GC Bomb - CMS GC starves high priority system threads

swpalmer · July 26, 2005, 1:06am

Not game related, but it might interest you just the same.

My company makes video encoding stuff. We have our own capture cards and a fancy app that does video encoding and braocasting using various codecs. The UI is written in Java. It runs on Windows and the same UI code provides a remote interface to our encoders on Linux and Mac. My test were done on 1.5.0_01, since 1.5.0_03 or _04 will crash hard in jvm.dll if you let it run for 30 hours or so.

Recently while testing we found that the hardware was dropping frames of video because the software wasn’t emptying the hardware’s FIFO fast enough. This happened when the Concurrent Mark Sweep collector did a full sweep. There is a driver thread that runs at the highest windows priority (31) that is responsible for emptying the hardware FIFO. That thread is running in the System process, quite separate from the UI application.

After much experimenting I found that the ‘sweep’ phase of the CMS collector would run for a bit over 200 ms. During that time there was a lot of thread context switching and it managed to starve the high priority driver thread for long enough (100ms) that the hardware FIFO overflowed.

Incidentally, my code during a test does nothing but query some stats from another process and display them on a Swing UI. It has one indeterminant progress bar and several JLables that update once a second. As far as I know I generate no new objects that should live more than one second during this process. Most of the time the app is idle. A polling thread wakes up every second and collects some stats via JNI.

I switched to the openGL pipeline and the problem went away. Checking the GC activity showed that with the default graphics pipeline on windows or with nodraw=true the CMS sweep was as I said 200ms+. Simply switching to the OpenGL pipeline and changing nothing else in the application the time taken for the CMS sweep phase was reduced by a factor of 10, though it happened a bit more frequently. Lowering the max heap size (to 20MB) also made the problem go away, by increasing the freqency and shortening the duration of the CMS sweep phase.
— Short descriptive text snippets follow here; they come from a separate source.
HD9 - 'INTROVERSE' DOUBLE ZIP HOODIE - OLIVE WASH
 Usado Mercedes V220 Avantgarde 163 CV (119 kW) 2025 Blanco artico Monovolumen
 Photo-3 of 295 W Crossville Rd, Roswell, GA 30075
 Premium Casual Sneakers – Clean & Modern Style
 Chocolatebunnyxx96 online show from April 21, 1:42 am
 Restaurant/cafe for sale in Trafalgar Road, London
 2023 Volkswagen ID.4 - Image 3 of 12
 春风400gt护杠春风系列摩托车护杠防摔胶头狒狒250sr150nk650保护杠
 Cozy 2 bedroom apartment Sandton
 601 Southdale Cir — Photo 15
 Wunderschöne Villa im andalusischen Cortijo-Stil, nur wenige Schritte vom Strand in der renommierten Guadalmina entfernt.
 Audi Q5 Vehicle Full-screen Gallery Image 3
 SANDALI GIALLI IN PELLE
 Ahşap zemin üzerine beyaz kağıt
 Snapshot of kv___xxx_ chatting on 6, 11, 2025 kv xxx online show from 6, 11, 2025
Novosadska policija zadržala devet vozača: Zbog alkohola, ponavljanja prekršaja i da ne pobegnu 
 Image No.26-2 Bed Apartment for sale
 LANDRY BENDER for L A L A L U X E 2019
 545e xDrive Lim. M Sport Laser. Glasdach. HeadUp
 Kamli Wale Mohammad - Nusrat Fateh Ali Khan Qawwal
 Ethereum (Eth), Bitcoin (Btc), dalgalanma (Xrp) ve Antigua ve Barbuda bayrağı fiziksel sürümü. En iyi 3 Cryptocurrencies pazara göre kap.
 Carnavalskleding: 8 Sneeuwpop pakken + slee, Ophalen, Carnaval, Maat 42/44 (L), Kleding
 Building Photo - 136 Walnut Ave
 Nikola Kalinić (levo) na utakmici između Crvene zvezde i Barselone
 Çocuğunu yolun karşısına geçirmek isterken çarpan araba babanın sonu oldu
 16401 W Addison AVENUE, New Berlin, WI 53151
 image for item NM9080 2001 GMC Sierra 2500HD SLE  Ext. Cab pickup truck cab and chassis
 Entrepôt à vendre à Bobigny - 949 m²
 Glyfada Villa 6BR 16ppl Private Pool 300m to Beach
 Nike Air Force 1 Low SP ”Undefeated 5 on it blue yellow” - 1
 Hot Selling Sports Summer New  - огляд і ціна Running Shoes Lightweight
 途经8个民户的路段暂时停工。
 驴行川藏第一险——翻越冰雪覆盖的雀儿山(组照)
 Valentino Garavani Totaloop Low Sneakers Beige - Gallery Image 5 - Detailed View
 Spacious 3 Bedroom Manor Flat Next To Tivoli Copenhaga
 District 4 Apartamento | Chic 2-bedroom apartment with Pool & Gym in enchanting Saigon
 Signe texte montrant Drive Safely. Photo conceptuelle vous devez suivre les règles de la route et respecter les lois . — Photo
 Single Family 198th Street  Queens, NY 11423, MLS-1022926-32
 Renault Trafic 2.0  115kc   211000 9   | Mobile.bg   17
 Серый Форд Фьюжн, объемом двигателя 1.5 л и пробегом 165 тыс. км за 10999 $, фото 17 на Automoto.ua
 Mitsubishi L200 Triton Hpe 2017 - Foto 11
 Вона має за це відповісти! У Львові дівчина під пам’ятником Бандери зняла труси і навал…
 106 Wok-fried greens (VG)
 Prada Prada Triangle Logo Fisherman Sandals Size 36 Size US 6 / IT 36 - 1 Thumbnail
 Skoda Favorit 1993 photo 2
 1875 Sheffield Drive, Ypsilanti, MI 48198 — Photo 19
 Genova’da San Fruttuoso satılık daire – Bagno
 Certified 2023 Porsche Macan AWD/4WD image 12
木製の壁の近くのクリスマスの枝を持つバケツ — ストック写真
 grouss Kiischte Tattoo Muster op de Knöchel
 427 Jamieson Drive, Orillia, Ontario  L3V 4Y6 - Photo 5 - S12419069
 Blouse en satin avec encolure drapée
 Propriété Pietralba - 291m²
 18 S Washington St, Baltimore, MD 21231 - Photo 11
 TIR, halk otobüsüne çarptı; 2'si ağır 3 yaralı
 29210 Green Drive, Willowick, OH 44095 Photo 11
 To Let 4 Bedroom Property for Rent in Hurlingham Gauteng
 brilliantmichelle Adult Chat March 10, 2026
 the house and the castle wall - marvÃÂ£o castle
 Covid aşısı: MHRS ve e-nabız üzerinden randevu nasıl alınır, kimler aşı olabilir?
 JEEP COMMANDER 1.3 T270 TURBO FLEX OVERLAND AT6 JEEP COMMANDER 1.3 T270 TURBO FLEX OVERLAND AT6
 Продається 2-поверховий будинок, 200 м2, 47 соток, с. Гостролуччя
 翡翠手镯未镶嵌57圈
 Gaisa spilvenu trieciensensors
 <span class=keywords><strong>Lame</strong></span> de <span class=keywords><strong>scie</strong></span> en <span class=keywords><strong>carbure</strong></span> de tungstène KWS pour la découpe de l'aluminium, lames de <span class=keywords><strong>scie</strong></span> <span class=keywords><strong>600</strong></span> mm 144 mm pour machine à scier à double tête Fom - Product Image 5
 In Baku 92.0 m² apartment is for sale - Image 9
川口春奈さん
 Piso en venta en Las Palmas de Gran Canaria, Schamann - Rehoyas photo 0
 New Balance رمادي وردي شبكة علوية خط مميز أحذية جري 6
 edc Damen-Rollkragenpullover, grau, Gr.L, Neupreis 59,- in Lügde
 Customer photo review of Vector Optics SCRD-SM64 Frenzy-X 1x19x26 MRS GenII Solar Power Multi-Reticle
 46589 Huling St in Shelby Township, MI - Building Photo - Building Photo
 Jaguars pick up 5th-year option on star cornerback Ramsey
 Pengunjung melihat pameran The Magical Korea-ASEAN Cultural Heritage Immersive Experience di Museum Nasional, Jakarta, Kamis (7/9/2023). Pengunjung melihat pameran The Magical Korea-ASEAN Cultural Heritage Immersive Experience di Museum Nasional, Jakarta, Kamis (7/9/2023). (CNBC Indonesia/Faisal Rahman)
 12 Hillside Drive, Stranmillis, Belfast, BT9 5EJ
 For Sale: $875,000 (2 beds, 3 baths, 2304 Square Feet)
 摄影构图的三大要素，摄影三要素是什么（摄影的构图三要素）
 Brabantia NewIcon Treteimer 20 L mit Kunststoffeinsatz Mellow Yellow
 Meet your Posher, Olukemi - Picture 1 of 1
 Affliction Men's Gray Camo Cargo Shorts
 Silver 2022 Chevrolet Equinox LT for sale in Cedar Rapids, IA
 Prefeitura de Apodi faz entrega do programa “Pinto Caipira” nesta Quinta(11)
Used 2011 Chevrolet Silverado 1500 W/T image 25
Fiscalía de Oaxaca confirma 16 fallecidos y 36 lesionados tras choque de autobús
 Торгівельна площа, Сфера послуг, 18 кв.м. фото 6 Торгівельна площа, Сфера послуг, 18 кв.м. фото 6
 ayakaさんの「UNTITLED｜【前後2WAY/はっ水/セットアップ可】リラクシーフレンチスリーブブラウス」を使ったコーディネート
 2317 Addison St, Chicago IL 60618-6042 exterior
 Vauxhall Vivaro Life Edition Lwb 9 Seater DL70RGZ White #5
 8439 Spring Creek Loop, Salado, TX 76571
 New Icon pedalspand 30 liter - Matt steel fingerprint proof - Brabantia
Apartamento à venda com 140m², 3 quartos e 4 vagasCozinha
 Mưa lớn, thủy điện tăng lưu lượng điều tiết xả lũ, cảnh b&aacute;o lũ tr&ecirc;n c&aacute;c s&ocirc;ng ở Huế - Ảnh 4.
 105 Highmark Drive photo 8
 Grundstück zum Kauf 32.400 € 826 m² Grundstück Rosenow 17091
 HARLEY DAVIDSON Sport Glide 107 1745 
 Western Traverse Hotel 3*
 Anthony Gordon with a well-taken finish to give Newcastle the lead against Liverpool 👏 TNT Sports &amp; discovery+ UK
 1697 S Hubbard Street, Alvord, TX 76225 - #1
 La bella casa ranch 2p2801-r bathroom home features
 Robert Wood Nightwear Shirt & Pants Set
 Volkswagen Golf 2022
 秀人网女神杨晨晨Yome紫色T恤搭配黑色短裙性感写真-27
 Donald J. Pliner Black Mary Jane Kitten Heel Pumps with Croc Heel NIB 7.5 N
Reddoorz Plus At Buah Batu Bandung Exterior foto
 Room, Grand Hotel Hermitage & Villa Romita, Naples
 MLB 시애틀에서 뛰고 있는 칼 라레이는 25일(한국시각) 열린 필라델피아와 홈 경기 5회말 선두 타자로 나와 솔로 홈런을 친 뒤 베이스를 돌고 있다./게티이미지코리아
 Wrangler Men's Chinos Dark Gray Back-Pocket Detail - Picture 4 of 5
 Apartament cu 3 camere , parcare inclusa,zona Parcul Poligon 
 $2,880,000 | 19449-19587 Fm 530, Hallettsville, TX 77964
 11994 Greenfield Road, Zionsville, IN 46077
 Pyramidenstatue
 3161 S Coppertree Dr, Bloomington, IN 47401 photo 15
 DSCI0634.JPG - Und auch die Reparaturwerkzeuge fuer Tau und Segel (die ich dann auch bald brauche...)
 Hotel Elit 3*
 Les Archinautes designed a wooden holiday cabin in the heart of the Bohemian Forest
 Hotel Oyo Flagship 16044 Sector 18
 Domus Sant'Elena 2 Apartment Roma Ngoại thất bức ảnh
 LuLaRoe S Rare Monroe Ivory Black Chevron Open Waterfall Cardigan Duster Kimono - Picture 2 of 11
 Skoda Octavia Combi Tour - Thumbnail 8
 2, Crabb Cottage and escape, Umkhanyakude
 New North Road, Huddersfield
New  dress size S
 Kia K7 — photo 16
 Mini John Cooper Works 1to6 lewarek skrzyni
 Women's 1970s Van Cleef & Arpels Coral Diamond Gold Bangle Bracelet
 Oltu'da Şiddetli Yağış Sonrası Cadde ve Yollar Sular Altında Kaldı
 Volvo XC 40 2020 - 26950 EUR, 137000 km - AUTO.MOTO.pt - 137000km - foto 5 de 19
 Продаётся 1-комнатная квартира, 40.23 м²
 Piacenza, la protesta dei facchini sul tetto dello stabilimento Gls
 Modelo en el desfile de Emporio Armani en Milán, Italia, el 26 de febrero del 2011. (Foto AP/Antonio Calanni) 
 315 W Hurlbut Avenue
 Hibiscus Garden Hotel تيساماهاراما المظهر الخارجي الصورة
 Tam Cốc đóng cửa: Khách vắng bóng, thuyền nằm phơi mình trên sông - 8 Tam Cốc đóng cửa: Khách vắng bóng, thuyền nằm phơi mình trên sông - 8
Because the OpenGL pipeline was not stable on all the hardware we needed to support, we searched for another solution and found it with the -XX:+CMSIncrementalMode option (used in addition to the -XX:+UseConcMarkSweepGC that we were already using).

What I find most disturbing about this is that the GC thread could possibly starve a thread in the system process that is set to the highest possible priority. I have many questions:

What priority does the GC thread run at?
What about the finalizer thread?
Why do any objects accumulate in the tenured generation at all? (Every object I make is small and lives for at most one second. The young generation should easily deal with them.)
My thread does little more than while(true) { lable.setText("frame "+x); Thread.sleep(1000); }, though with a few more JLabels, a hidden JTable, and a progress bar animating.

Next I have to figure out why jvm.dll always crashes at the same spot after running for a couple days… though for now 1.5.0_01 will save me from that.

princec · July 26, 2005, 9:07am

I noticed that something in 1.5 starves the entire system making the mouse judder - unheard of in Windows XP before. But no-one saw fit to investigate the problem despite it being very severe. Was hoping Azeem or Jeff would pick it up…

Cas

swpalmer · July 26, 2005, 2:26pm

That’s very interesting Cas, It just so happens that many years ago when I was programming a time-sensitive thing on Windows NT, I had a process that ran at the highest priority in a user-mode thread and I found that an animated mouse pointer would block my thread and totally hose my code. The solution was to write a driver and run my code in an interrupt (it needed to do time-sensitive access to the serial port to talk to high end video controllers and respond to their requests in a timely manner).

So this lead me to believe that the code controlling the mouse pointer runs at an extremely high priority, likely part of an ISR, even when it is doing trivial things like making a stupid pink dinosaur walk. The fact that the JVM might somehow block such high-priority code is very disturbing.

My first guess was that finalizers involved with freeing direct draw surfaces were making the video driver steal CPU in some high-priority driver code. But I experienced the same problem with -Dsun.java2d.noddraw=true

swpalmer · July 26, 2005, 2:42pm

I should have also stated that I’m running this stuff on a dual processor machine. As I understand it the CMS collector uses a single thread, my application thread is mostly blocked anyway, AWT/Swing will have a timer thread to animated the indeterminate progress bar, the driver thread will be emptying the hardware FIFO, and there will be an encoder process that is pushing the video frames through some codec (MPEG2 or WM9) on one or two threads.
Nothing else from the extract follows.